De slavernijgeschiedenis is gelukkig inmiddels wat minder levendig vertegenwoordigd in Ouidah. Een groot monument en oude slavenforten van de Portugezen, Fransen, Britten en jawel, de Nederlanders herinneren aan het feit dat hier in de 18de eeuw naar alle waarschijnlijkheid meer dan twee miljoen slaven vanuit heel Afrika verhandelt en vervoerd zijn. We hebben ‘La route de esclaves’ afgelegd en zijn – net als de slaven destijds – geëindigd bij ‘La porte du non-retour’. Met als verschil dat wij niet vastgeketend zaten en de keus hadden om terug te keren, naar ons hotel welteverstaan.
De laatste stap van onze reis was Togo, we besloten om daar vooral te relaxen en hadden dan ook een reservering gemaakt in een hotel met de alleszeggende naam ‘Coco Beach’. Voordat we onze handdoeken in het zand konden spreiden moesten we nog naar Lomé – de hoofdstad van Togo – zien te komen, met de taxi deze keer. In een afgetrapte Peugeot arriveren we bij Beninse zijde van de grens. Een mierenhoop van mensen steekt de grens al wandelend over, er is weinig structuur te ontdekken en we moeten dan ook zelf op pad om ons wij-zijn-weg-uit-Benin-stempeltje te krijgen. Vier gezette mannen in uniformen en met zonnebrillen helpen ons uiteindelijk aan de stempel die we nodig hebben. De oude televisie die een herhaling van Paris Saint Germain – Barcelona uitzendt krijgt meer aandacht dan wij, maar dat deert ons niet, wij hebben ons verplichte stempeltje!
Te voet steken we de grens over, samen met honderden andere mensen die elk tassen vol met goederen bij dragen en ook niet te beroerd zijn om te vragen of wij misschien nog interesse hebben in zakdoekjes, mango’s of een nieuwe SIM-kaart.
Eenmaal in Togo willen ze graag weten wat onze lichaamstemperatuur is, we blijken beide gezond en we weten inmiddels dat dit een Ebola-voorzorgsmaatregel is. We zoeken een nieuwe taxi, dit keer een oude Volkswagen passat met een gescheurde voorruit en een zijspiegel die je laat zien op wat voor wegdek je rijdt. ‘Cocobeach? Oui, oui, yes, yes, I know, parlé Anglais, yes small small, I know cocobeach’.
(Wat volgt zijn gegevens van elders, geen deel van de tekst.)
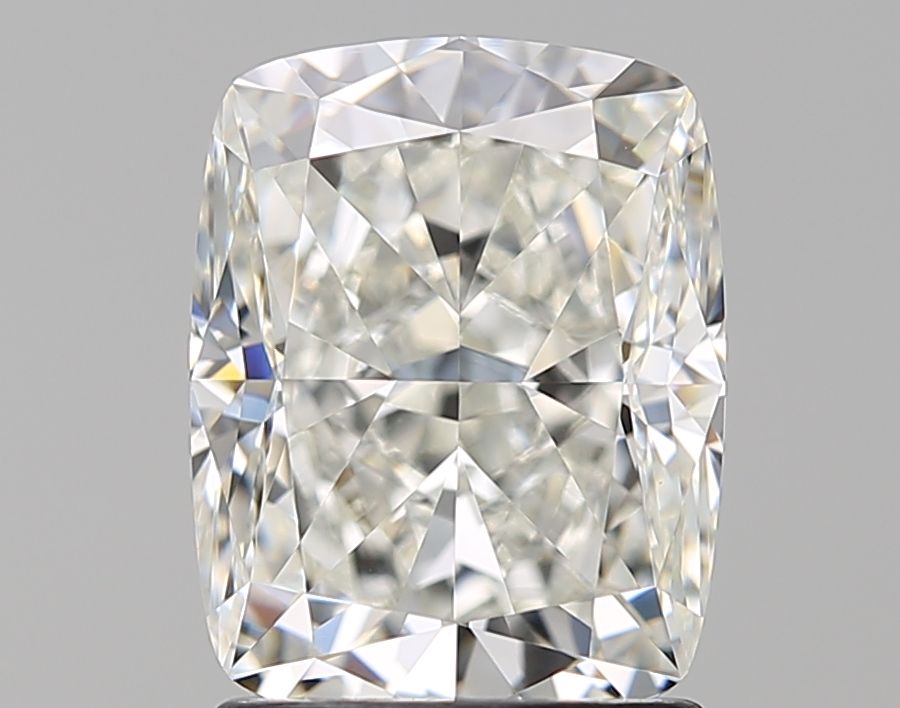 2.03 ct Cushion Brilliant diamond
Vier telefoontjes en 3 uur later zijn we in Coco Beach.
Natuurlijk wist hij niet waar Coco Beach was, natuurlijk moest hij er vier keer voor bellen en drie keer verkeerd rijden, natuurlijk komt alles gewoon op z’n pootjes terecht, natuurlijk gaan wij nu een welverdiend pilsje drinken.
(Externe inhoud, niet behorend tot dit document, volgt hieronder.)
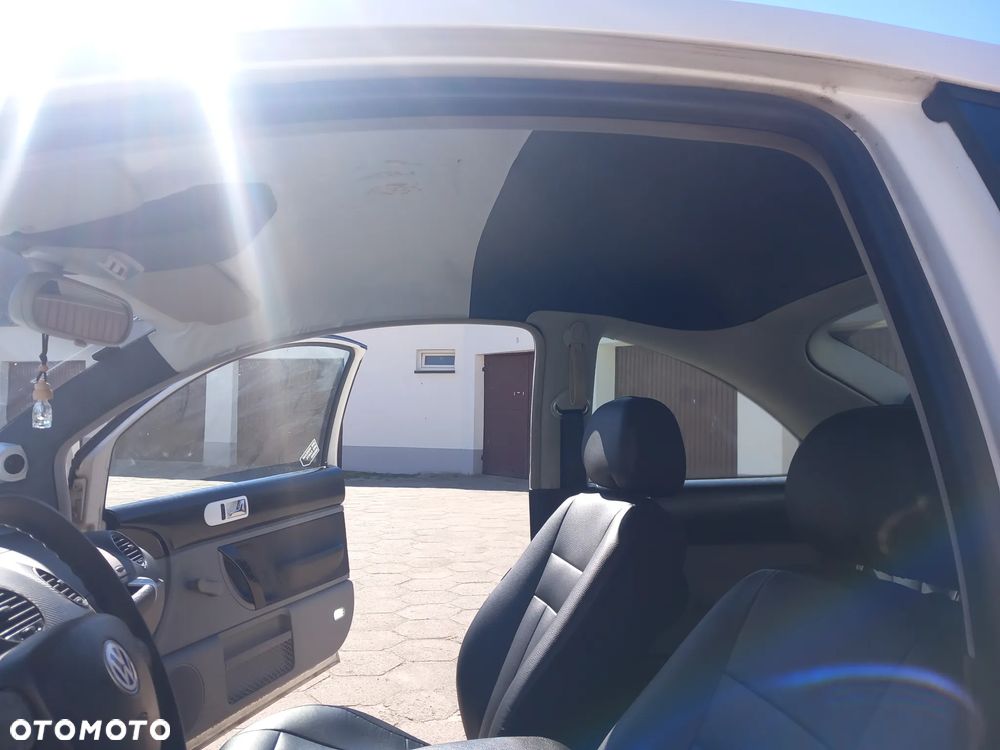 Volkswagen New Beetle 1.6 Coastal - 20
Na een paar heerlijke dagen bijtanken is het tijd om terug naar Ouaga te gaan. Na een busreis en een grensovergang die minstens zo spannend was, komen we uitgerust weer thuis. Het is hier zoveel meer nodig dan in Nederland om er af en toe eens de stad uit te gaan. Het leven kost hier merkbaar veel meer energie. De zon kookt en de stroomstoringen worden eigenlijk alleen maar erger. Ik hoorde dat de inmiddels afgezette president Blaise Compaoré voorheen de buurlanden aan het lijntje hield betreft de stroominkoop. Sonabel, de electriciteitscentrale, zelf schijnt maar 20% van de nodige hoeveelheid stroom te kunnen produceren. Voorheen zorgde Blaise er wel voor dat her en der de juiste voorzieningen werden getroffen. Maar Blaise is er niet meer. Dus er is ook geen stroom meer. Of het waar is? Geen idee. Dat het irritant is? Ja, dat wel.
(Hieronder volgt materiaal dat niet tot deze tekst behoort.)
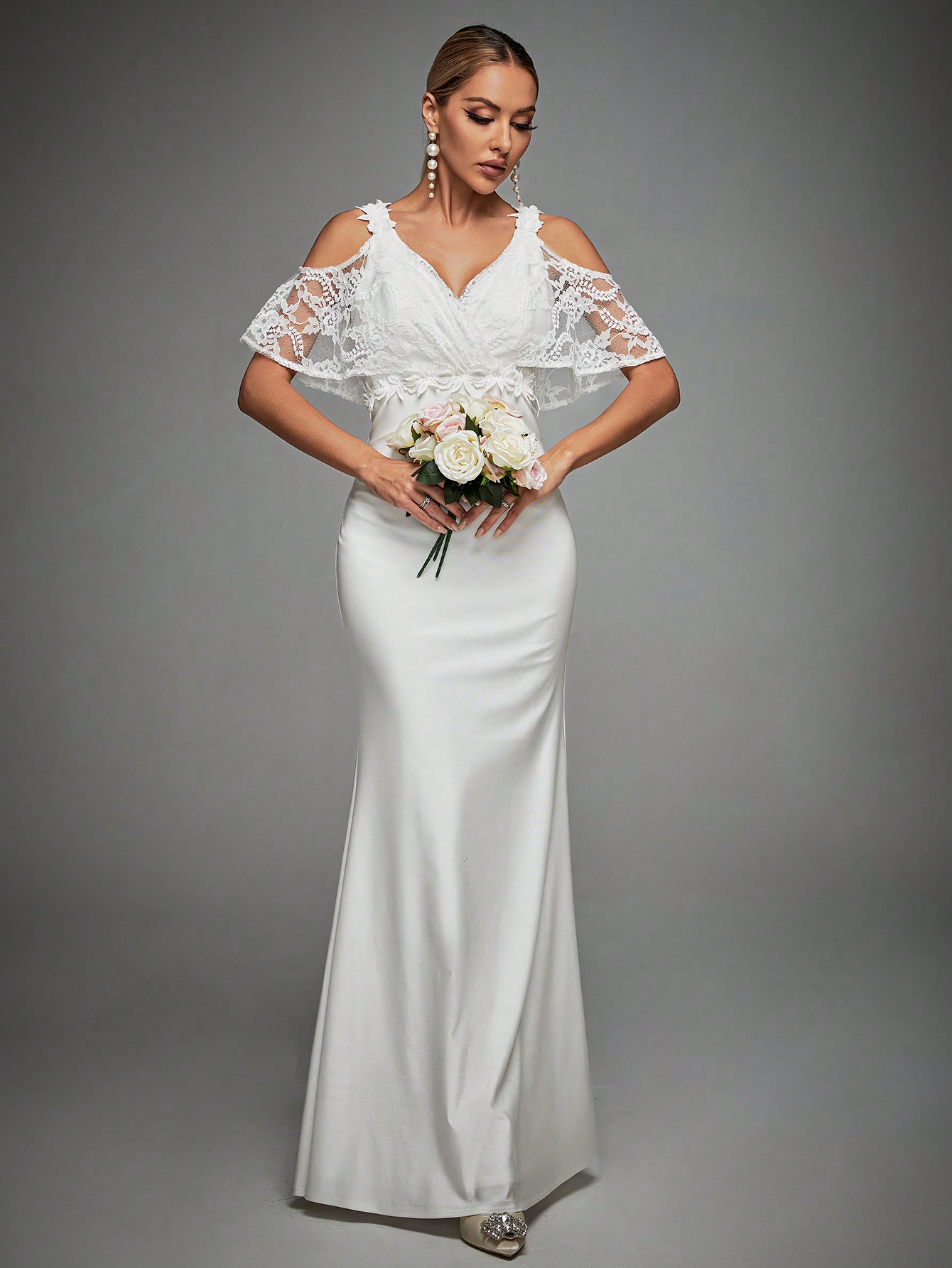 Leely Elegant V Neck Cold Shoulder Mermaid Wedding Dress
Inmiddels loopt alles hier op zijn eind, binnenkort vertrekken de eerste vrienden van ons en ook voor Anne is het deze week al tijd om te vertrekken. Gek eigenlijk, het is voorbij gevlogen en het zal de laatste paar weken niet anders zijn. Gelukkig hebben we beide nog steeds het gevoel de juiste keus gemaakt te hebben.
Voor hier, voor nu is het mooi geweest, al dan niet met een brok in de keel.
Nieuwe uitdaging komen op ons pad en daar gaan we helemaal voor!
Wie weet gaat ooit weer kriebelen. Best kans.
De wereld is groot. Te groot om alleen te laten.
Maar betreft de komende jaren: Nederland!